It can easily happen that the product of two eigenfunctions has an infinite eigenfunction expansion. Probably this is more *typical* (in natural problems) than not. For example, the Laplace-Beltrami operator on compact Riemannian manifolds (or suitable values $(\Delta+c)^{-1}$ of its resolvent if one must have a *bounded* operator) has discrete spectrum, but products of eigenfunctions are rarely eigenfunctions.

For example, on the sphere, (restrictions of) homogeneous harmonic polynomials are the eigenfunctions for the natural Laplacian. Products or squares of harmonic polynomials are rarely harmonic, but do have *finite* expressions as sums of eigenfunctions. (From my viewpoint, this finiteness is predictable because the irreducibles of the rotation/orthogonal group are all finite-dimensional, because it is compact.)

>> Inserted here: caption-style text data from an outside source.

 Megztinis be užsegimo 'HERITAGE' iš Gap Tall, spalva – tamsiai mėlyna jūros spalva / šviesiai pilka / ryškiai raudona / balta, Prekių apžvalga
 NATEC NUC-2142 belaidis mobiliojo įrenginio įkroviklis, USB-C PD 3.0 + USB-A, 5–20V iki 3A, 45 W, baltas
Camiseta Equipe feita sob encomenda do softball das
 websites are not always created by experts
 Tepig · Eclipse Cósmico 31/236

Either from the a viewpoint of geometric analysis, or from a viewpoint of repn theory, in generality such re-expressions of products would rarely be finite, but should exist under mild hypotheses on the situation. Explicit examples where the decomposition/Fourier coefficients $\langle fg,h\rangle$ are explicitly expressible for triples of eigenfunctions are not so easy to manufacture, and the ones I know (having to do with automorphic forms, zonal spherical harmonics, etc.) I suspect are not in the direction of your interest.

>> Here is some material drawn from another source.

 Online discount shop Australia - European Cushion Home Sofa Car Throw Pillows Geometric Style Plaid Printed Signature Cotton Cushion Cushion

It is also true that there seems to be fairly skimpy literature on such issues.

About your question 2: I don't have an easy example. About question 3: no, there are easy examples of the failure: on $[0,2\pi]$, with $f(x)=e^{ix}$ and $g(x)=e^{-ix}$ (or cosines and sines), and $E$ the space spanned by constants, $fg$ projects to $1$, while both products $f^2$ and $g^2$ project to $0$.

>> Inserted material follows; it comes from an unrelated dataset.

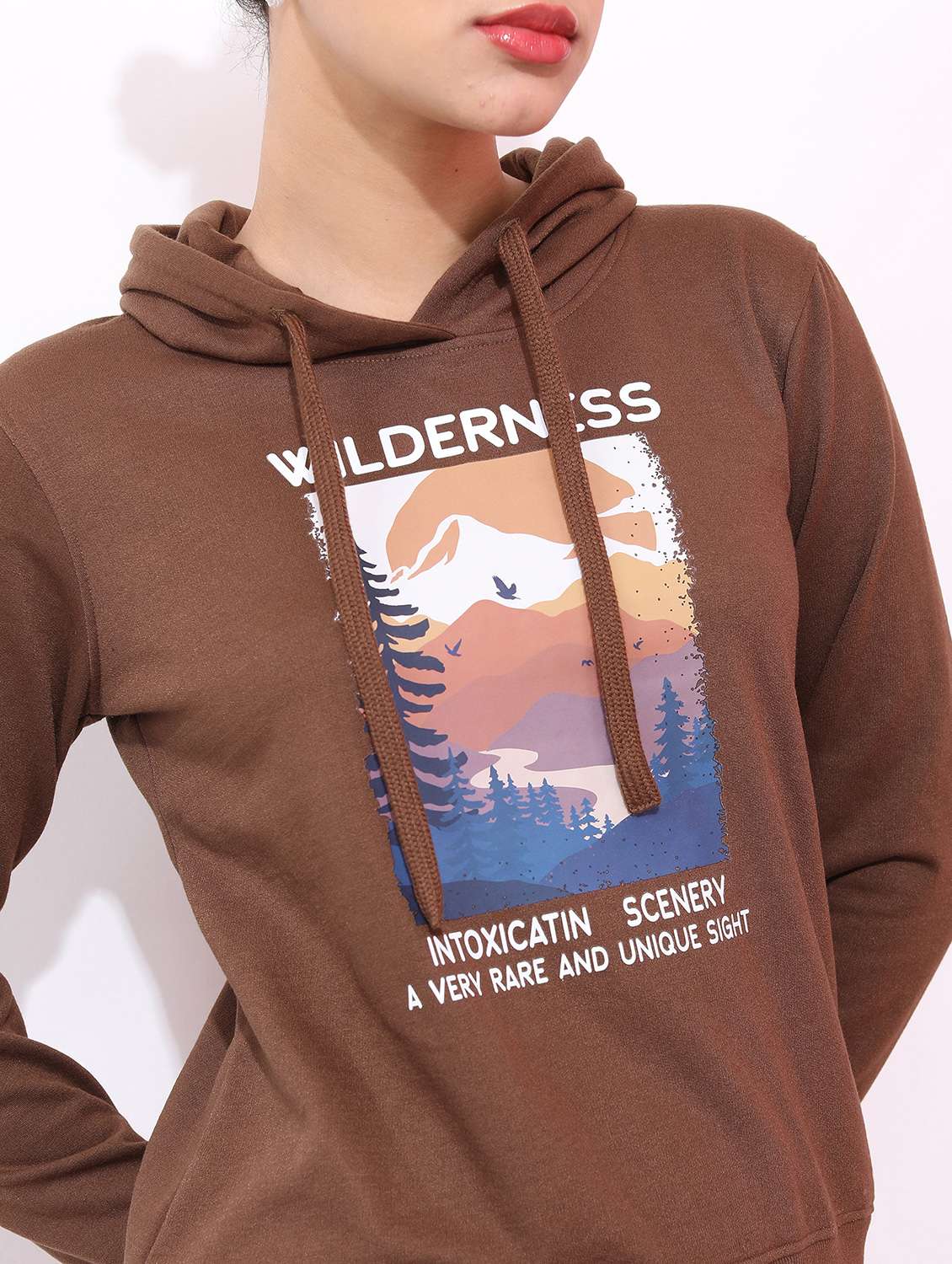 women long sleeve front print sweatshirt - 21596554 -  Standard Image - 2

Edit: in response to the questioner's further comment/questions... First, the latter counter-example, with exponential functions, refers to $d^2/dx^2$.

Second, as @Matt Y. noted, someone like me is thinking of automorphic things, which may not be what everyone wants to see as examples... But, further, I think it is not so easy to make any such examples *explicit*. Even without the conjectured (and probable) typical-non-vanishing and so on, we can find definitive examples of infinite, discrete decompositions in the pseudo-Laplacians Y. Colin de Verdiere used c. 1981 to give another proof of meromorphic continuation of Eisenstein series: these are self-adjoint operators with compact resolvents (so discrete spectrum) on Hilbert spaces of automorphic functions which have, among their eigenfunctions *certain* truncated Eisenstein series. The integral of three truncated Eisenstein series is not completely trivial to compute, but turns out (e.g., Zagier an others, circa 1978) to be a product/quotient of values of zeta at points that can be controlled directly... so can be made not to vanish. Thus, provably, an infinite-not-finite re-expression of product of two eigenfunctions (for a pseudo-Laplacian...) as sum of eigenfunctions. The "pseudo-Laplacian" is not wildly different from a/the genuine Laplacian...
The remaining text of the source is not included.